(Extracted data entries):
________

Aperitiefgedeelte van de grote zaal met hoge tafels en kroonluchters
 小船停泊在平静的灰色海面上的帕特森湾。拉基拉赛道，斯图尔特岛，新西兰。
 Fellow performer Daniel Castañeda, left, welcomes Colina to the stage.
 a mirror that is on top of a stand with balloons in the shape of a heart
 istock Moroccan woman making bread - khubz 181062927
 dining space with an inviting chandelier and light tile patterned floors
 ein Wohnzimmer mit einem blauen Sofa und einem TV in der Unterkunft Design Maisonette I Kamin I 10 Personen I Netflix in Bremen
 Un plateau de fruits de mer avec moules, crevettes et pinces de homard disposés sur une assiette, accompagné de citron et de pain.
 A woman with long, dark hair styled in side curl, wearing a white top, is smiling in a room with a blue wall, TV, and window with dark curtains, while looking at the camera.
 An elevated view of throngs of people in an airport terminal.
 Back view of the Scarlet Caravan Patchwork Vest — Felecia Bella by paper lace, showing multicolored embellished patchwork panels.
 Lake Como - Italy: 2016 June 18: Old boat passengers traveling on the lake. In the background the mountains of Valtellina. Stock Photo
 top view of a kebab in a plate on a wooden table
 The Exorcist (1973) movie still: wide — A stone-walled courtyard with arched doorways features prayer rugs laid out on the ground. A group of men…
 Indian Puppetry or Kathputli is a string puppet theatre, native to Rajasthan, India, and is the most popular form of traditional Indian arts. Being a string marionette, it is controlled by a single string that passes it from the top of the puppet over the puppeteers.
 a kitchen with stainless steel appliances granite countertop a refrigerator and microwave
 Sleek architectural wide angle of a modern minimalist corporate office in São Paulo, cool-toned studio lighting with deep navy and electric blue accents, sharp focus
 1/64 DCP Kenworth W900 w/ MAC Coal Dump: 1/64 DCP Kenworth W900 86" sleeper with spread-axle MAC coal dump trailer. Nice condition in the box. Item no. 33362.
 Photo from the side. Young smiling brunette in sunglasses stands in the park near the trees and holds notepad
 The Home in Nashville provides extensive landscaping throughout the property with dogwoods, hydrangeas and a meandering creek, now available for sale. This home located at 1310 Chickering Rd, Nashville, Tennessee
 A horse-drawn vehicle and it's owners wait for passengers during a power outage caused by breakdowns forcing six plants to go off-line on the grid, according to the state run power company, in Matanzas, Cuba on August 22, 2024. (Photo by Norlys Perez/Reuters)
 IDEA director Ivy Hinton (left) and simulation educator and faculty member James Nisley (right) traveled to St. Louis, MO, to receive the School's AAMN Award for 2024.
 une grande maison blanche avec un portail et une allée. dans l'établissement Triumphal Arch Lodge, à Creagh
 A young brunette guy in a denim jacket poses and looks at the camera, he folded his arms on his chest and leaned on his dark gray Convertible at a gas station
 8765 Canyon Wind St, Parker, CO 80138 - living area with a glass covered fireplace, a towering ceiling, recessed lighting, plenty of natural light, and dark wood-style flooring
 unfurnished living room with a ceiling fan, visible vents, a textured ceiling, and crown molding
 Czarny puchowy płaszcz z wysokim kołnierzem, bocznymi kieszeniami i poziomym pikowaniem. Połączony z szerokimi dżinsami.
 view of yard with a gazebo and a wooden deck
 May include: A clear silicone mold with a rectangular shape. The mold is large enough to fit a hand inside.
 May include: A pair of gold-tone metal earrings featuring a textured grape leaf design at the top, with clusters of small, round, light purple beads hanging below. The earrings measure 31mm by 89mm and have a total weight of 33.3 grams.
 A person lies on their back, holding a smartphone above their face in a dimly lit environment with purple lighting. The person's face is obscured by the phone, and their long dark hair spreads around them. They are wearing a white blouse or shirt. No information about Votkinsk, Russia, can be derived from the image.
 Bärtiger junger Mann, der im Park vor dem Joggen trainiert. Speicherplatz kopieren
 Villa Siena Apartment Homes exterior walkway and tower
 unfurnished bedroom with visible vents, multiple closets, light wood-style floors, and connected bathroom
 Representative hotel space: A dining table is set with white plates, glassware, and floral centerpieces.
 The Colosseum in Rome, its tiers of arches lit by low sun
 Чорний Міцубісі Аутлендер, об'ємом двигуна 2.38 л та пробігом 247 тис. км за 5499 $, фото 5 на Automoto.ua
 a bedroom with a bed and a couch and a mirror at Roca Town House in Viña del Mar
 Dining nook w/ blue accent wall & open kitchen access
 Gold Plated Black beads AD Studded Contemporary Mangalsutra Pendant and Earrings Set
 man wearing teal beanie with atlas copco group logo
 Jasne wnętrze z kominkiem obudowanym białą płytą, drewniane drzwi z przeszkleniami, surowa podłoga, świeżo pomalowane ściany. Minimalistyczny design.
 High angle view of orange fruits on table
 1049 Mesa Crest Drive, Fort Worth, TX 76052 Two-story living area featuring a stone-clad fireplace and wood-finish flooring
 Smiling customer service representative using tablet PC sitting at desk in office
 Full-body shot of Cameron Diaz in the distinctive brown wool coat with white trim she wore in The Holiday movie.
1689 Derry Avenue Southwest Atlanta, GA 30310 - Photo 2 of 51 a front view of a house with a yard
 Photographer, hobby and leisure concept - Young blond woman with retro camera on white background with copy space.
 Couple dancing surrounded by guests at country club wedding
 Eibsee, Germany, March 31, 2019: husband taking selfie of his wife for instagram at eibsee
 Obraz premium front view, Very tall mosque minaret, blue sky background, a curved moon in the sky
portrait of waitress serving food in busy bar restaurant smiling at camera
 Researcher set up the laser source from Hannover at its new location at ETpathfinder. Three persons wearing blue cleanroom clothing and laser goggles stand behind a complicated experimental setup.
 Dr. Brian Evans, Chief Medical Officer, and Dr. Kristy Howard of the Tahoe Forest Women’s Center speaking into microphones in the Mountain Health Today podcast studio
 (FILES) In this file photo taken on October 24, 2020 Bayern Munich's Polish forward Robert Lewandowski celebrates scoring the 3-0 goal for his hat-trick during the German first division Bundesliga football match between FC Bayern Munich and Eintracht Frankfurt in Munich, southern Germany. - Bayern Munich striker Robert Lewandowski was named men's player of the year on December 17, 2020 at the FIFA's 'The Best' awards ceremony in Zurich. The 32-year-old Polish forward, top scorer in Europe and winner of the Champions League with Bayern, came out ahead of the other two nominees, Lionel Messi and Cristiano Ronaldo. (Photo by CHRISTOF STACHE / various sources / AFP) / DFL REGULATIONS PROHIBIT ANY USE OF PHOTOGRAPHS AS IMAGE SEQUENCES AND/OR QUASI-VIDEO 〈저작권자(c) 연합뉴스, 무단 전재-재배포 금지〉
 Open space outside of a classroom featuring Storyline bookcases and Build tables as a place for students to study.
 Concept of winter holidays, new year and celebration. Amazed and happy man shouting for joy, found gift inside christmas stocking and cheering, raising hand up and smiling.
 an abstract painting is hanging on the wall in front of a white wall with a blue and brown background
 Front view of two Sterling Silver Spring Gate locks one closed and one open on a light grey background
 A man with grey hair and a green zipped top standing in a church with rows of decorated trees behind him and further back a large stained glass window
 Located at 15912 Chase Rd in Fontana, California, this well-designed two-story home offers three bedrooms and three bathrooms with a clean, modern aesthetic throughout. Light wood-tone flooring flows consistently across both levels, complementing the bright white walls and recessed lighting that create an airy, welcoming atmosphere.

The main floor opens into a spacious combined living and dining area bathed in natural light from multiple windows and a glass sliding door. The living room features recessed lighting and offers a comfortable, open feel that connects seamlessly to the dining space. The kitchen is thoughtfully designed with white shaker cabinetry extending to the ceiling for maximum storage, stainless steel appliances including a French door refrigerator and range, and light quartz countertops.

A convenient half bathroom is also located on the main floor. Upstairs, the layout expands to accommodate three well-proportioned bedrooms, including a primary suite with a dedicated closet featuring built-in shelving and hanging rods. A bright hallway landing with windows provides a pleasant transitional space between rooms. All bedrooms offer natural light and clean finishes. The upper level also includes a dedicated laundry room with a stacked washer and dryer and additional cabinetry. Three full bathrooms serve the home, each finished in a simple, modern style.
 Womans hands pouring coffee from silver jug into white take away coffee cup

________

(Task prompt): Report every line in the data that holds "living", copying each one.

(Answer space):
 8765 Canyon Wind St, Parker, CO 80138 - living area with a glass covered fireplace, a towering ceiling, recessed lighting, plenty of natural light, and dark wood-style flooring
 unfurnished living room with a ceiling fan, visible vents, a textured ceiling, and crown molding
 1049 Mesa Crest Drive, Fort Worth, TX 76052 Two-story living area featuring a stone-clad fireplace and wood-finish flooring
The main floor opens into a spacious combined living and dining area bathed in natural light from multiple windows and a glass sliding door. The living room features recessed lighting and offers a comfortable, open feel that connects seamlessly to the dining space. The kitchen is thoughtfully designed with white shaker cabinetry extending to the ceiling for maximum storage, stainless steel appliances including a French door refrigerator and range, and light quartz countertops.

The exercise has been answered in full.